My dalliance with the past did have the benefit of finally putting paid to the unwanted relationship, but had not exactly enlivened my present. So I decided to advertise. I placed a couple of notices in the Times's lonely-hearts section, wittily describing my attributes and modestly suggesting that those of any respondents should include fortyishness, slimness and braininess. I received dozens of telephone messages and letters from women in their mid-fifties, women who included little drawings of flowers and fairy folk in their notes, women who lived in Cornwall or North Wales, women who were either drunk or mentally unstable, women in despair who wanted rescuing, and women who had no business reading the Times in the first place.
There is an unspoken modus operandi which governs these encounters. On the telephone we competed as to who could give the least information and remain polite: no addresses, no landline numbers used (or numbers withheld), first names only, no occupational details and the vaguest account of family circumstances. Having no idea what these women really looked like (I could hardly ask them if they weren't in fact ugly), I eventually met six or seven of the 'candidates' during the spring. How some of them could in conscience have felt that they met the criterion of slimness eludes me, and none of them did more than resemble the descriptions they had given. There was the local government officer who wrote to assure me of her attractiveness, but who turned out to have no neck and a hearing-aid. What was worse, this veritable pitprop had viscerally left-wing opinions which her disability obliged her to shout at me in public places. Then there was the office manager with a fondness for red wine who blew spit bubbles as she propositioned me; and the rather elderly nurse who luxuriated in the details of her hysterectomy and complained at my lack of conversation.

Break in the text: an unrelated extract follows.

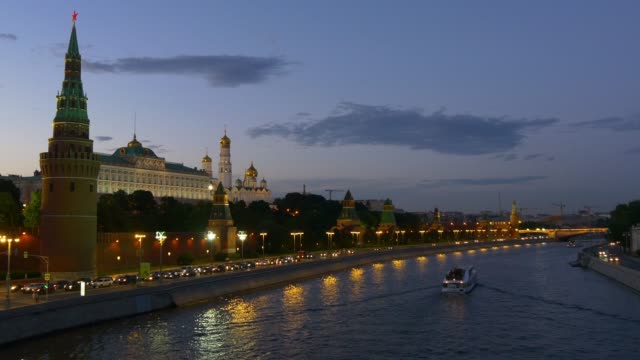 Russland-Sonnenuntergang-Nacht-Zeit-Moskau-Kreml-Mauer-Fluss-Brücke-Panorama-4k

The talk was typically difficult. I had a prepared list of topics — job, family, history, hobbies, the absurdity of the situation — and hoped a momentum would develop before I'd exhausted the agenda. But sometimes it didn't, and I have rarely experienced panic to compare.
There was, though, one tentative supplicant as awkward as I was. And I confess it was an exquisite pain to wait like a lovestruck teenager for the expected call or billet-doux, and a very peculiar pleasure to learn the techno-art of text-messaging, the better to exchange cryptic lewdnesses.
No less accountable to reason are my frenetic attempts to reassemble my collection of mint condition 'William' and 'Jennings' books, which my mother gave away to a jumble sale during my first term at university. Then there are the 500-mile round trips in fruitless search for family graves in Liverpool and Anglesey . but that's another story.